INPUT DATA section start
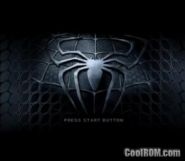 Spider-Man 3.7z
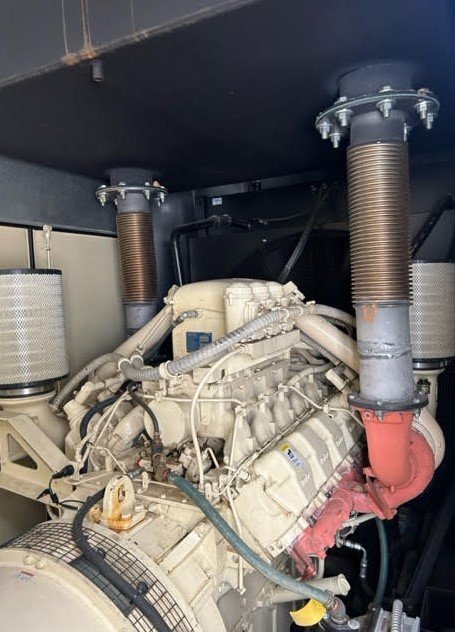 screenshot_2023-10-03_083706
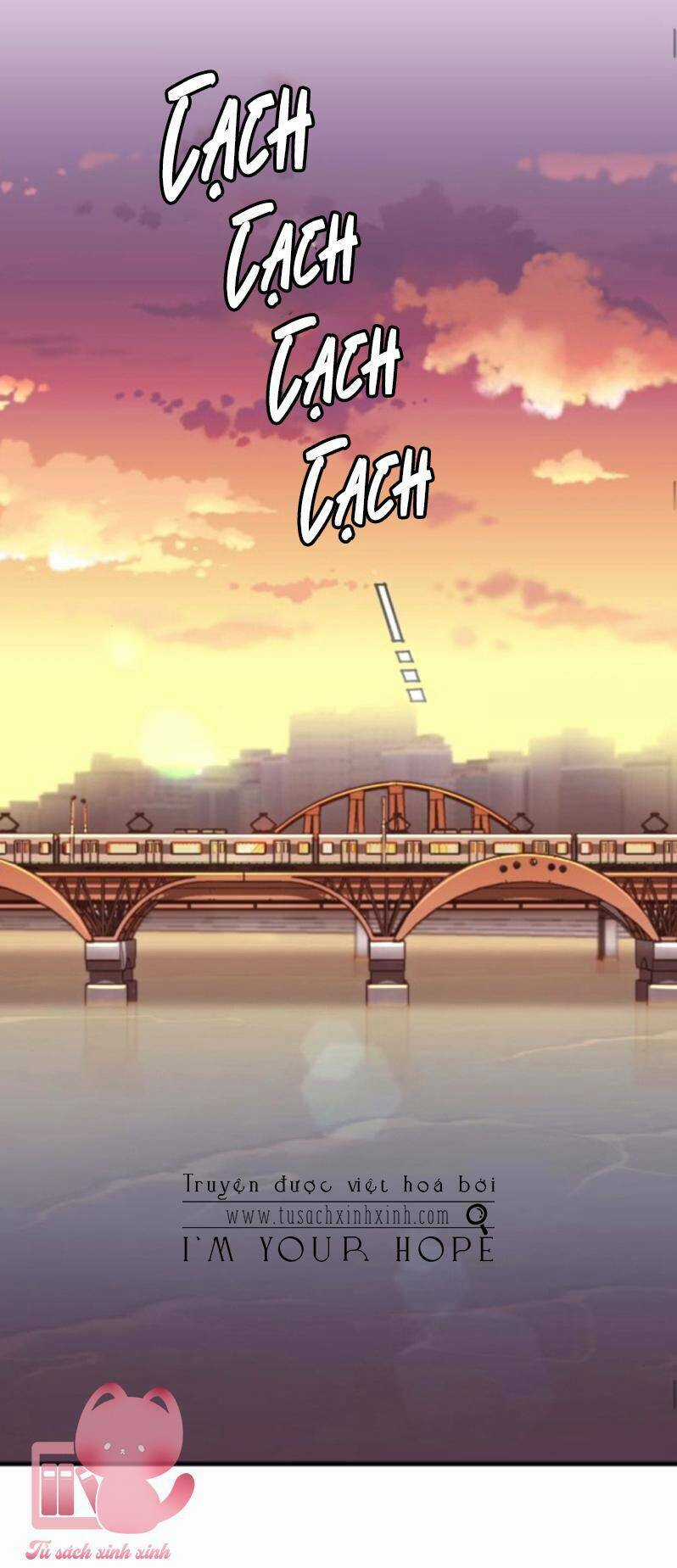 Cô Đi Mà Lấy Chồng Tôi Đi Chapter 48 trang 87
INPUT DATA section end
INPUT DATA section start
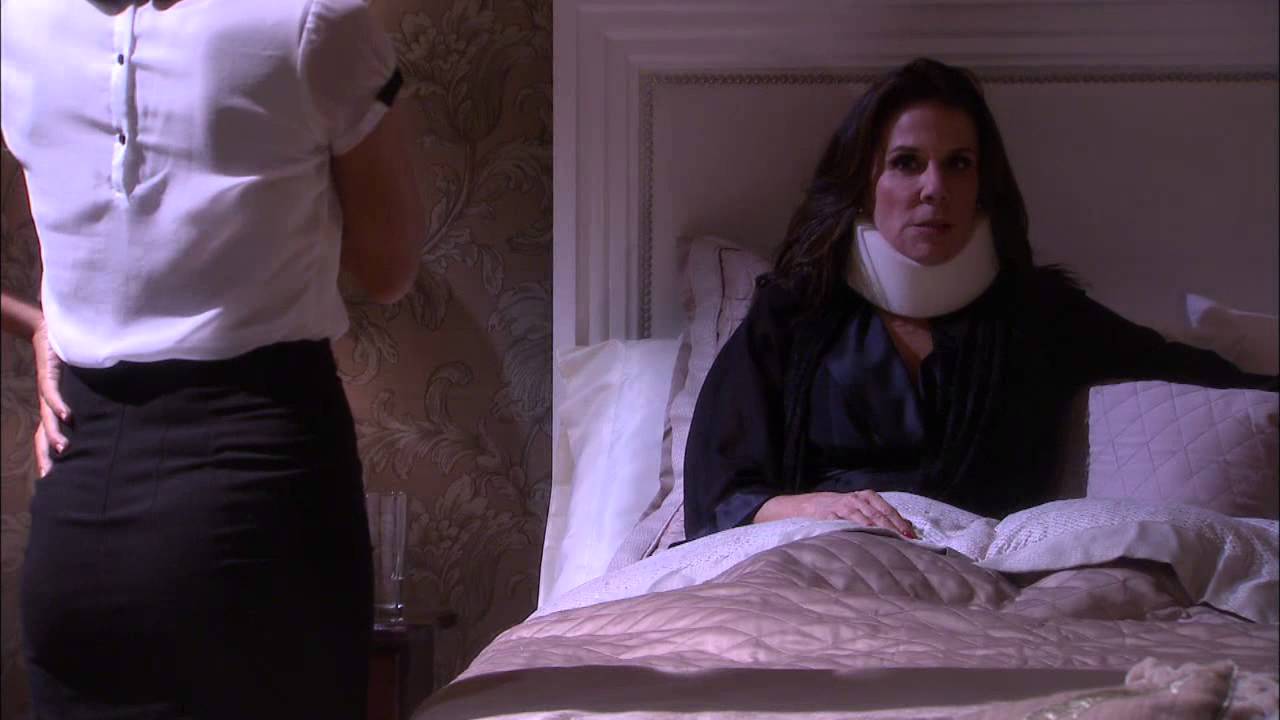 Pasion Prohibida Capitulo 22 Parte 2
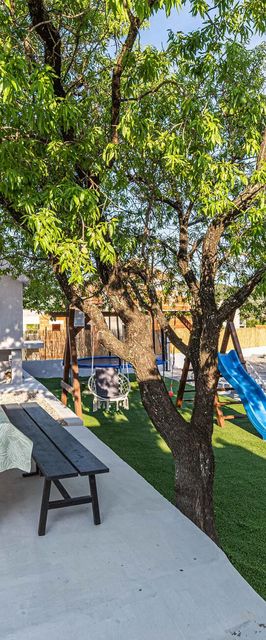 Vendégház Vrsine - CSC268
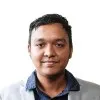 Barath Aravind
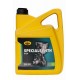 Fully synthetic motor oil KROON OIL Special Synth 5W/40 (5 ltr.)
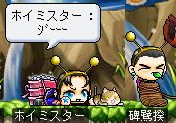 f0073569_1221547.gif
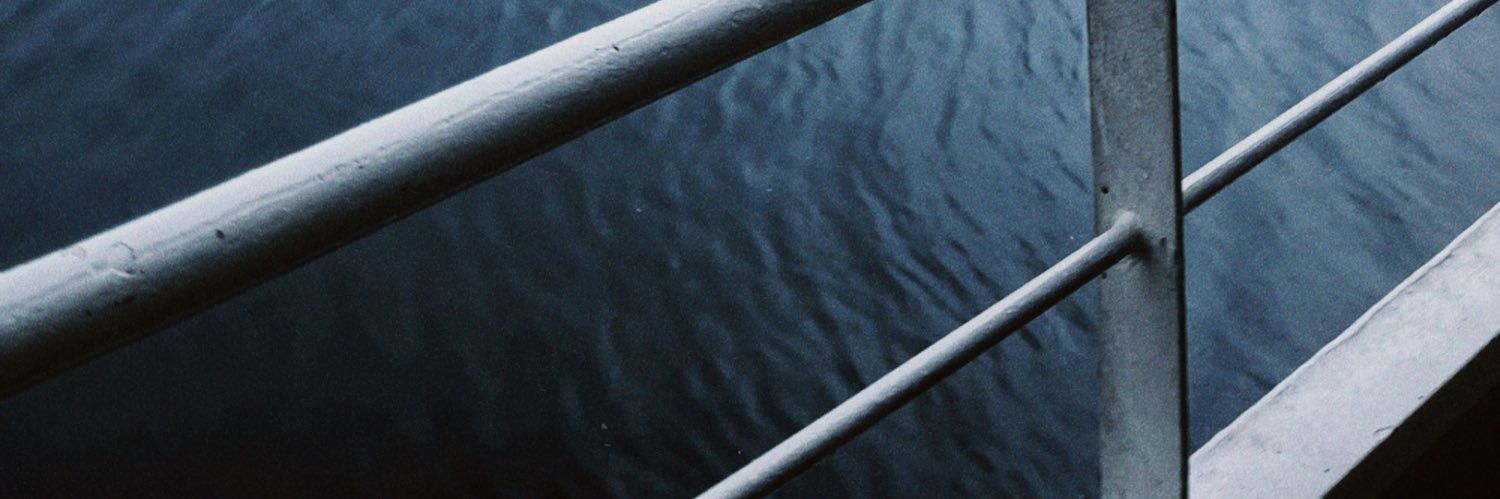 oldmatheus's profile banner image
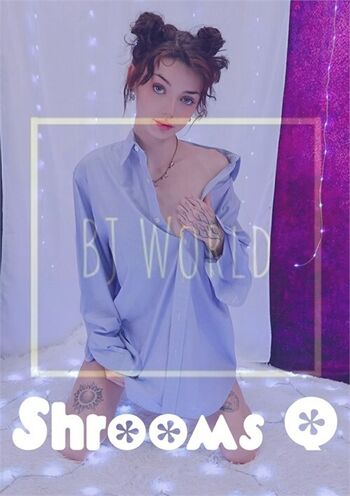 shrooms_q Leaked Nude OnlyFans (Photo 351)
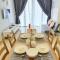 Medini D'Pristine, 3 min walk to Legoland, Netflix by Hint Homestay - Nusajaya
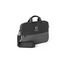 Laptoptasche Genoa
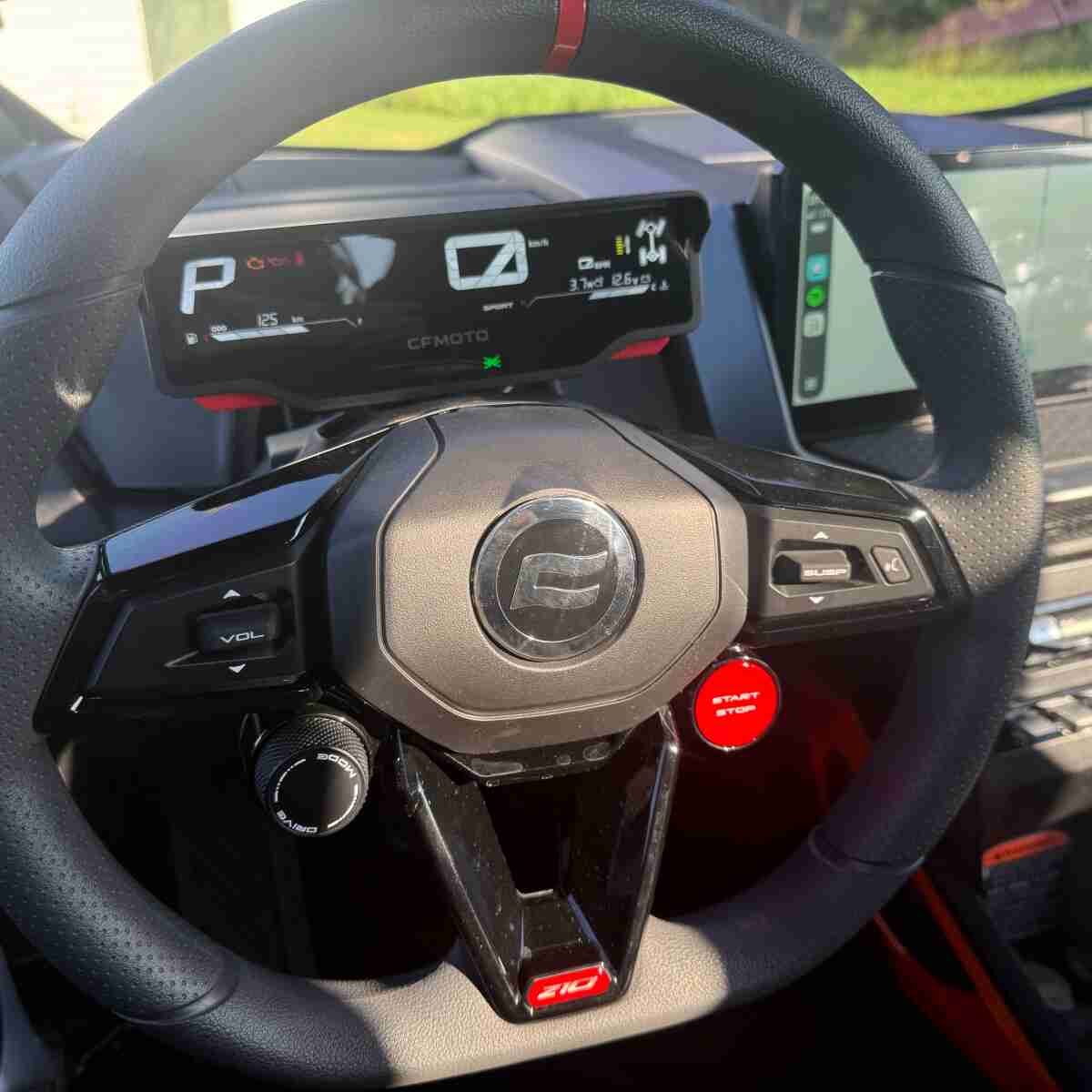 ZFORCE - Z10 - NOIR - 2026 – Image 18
INPUT DATA section end
WHAT TO DO: In the listing above, find the line holding "Barath Aravind" and the line holding "shrooms_q Leaked Nude OnlyFans (Photo 351)". Reproduce those two lines and all between them exactly, leaving out pictures.

PROBLEM SOLUTION:
 Barath Aravind
 Fully synthetic motor oil KROON OIL Special Synth 5W/40 (5 ltr.)
 f0073569_1221547.gif
 oldmatheus's profile banner image
 shrooms_q Leaked Nude OnlyFans (Photo 351)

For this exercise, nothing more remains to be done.